- [TASK DESCRIPTION] What you should repeat is the run of lines from the top of the listing below through the line with "It goes out", exactly, with no pictures.

*** SOURCE DATA Section Begins ***

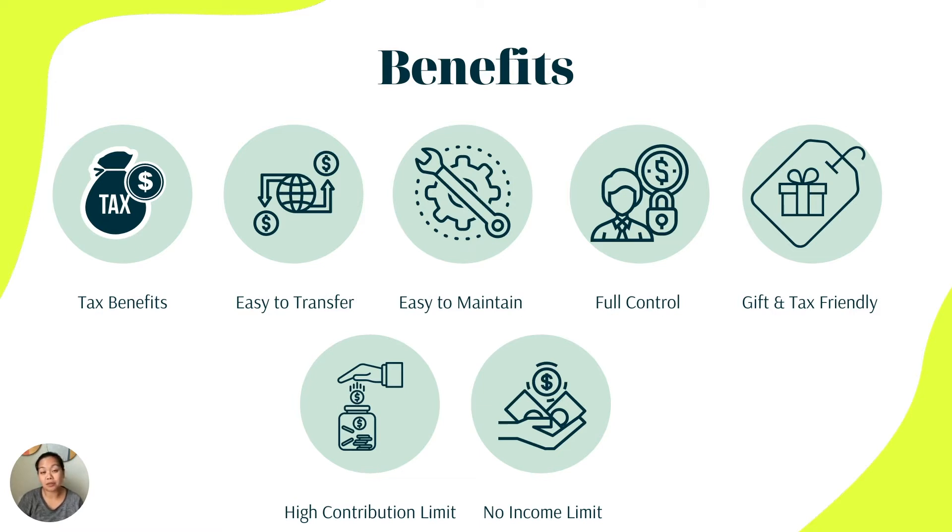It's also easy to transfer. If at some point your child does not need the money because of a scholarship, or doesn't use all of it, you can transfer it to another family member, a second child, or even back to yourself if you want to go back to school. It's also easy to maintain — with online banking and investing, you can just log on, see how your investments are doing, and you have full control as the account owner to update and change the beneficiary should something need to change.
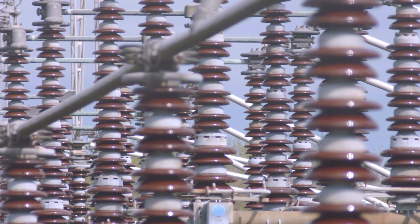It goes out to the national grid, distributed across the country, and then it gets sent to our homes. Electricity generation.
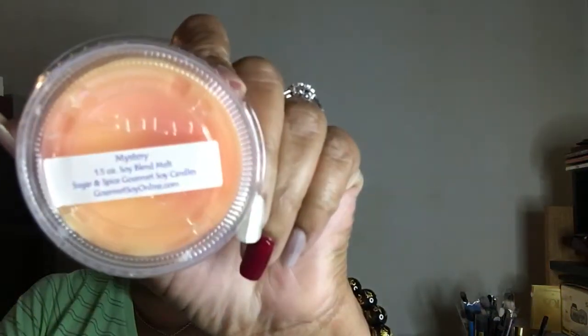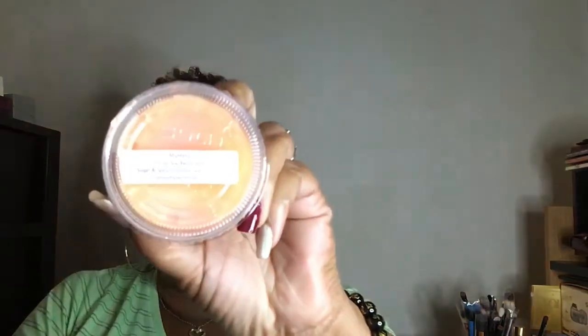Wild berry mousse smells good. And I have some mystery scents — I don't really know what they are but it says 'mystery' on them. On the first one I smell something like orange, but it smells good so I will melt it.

*** SOURCE DATA Section Ends ***

- [EXPECTED ANSWER]
It's also easy to transfer. If at some point your child does not need the money because of a scholarship, or doesn't use all of it, you can transfer it to another family member, a second child, or even back to yourself if you want to go back to school. It's also easy to maintain — with online banking and investing, you can just log on, see how your investments are doing, and you have full control as the account owner to update and change the beneficiary should something need to change.
It goes out to the national grid, distributed across the country, and then it gets sent to our homes. Electricity generation.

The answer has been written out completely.